TASK
Below is a listing; restate from it, character for character, the lines beginning at the line holding "Димон, ты дрочишь?" and ending at the line holding "智能无线眼镜投屏:拥有一个完整的电影院体验! 智能无线眼", both included.

┄┄┄┄┄┄

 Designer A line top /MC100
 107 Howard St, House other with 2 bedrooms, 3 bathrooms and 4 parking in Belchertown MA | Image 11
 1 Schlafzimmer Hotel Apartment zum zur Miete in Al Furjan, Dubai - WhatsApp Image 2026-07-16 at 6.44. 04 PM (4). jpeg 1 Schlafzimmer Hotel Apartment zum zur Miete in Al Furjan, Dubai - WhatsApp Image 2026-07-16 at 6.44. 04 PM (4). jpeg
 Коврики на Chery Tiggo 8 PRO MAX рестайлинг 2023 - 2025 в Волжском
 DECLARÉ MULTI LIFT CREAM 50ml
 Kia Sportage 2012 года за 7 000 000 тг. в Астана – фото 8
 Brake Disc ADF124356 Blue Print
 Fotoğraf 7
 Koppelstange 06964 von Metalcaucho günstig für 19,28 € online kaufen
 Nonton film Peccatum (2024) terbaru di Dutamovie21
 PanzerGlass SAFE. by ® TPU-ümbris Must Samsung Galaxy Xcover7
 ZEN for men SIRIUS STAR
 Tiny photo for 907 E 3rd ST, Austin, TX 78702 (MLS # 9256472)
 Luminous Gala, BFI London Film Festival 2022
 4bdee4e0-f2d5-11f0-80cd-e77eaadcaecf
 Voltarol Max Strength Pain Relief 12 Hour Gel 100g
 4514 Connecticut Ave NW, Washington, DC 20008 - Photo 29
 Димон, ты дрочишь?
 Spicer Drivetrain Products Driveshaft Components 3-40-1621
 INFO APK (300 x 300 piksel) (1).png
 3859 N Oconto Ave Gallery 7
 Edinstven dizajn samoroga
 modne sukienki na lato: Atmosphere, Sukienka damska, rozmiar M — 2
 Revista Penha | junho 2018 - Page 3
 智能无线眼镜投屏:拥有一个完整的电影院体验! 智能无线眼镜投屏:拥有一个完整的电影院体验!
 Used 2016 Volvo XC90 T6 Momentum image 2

┄┄┄┄┄┄

ANSWER BELOW
 Димон, ты дрочишь?
 Spicer Drivetrain Products Driveshaft Components 3-40-1621
 INFO APK (300 x 300 piksel) (1).png
 3859 N Oconto Ave Gallery 7
 Edinstven dizajn samoroga
 modne sukienki na lato: Atmosphere, Sukienka damska, rozmiar M — 2
 Revista Penha | junho 2018 - Page 3
 智能无线眼镜投屏:拥有一个完整的电影院体验! 智能无线眼镜投屏:拥有一个完整的电影院体验!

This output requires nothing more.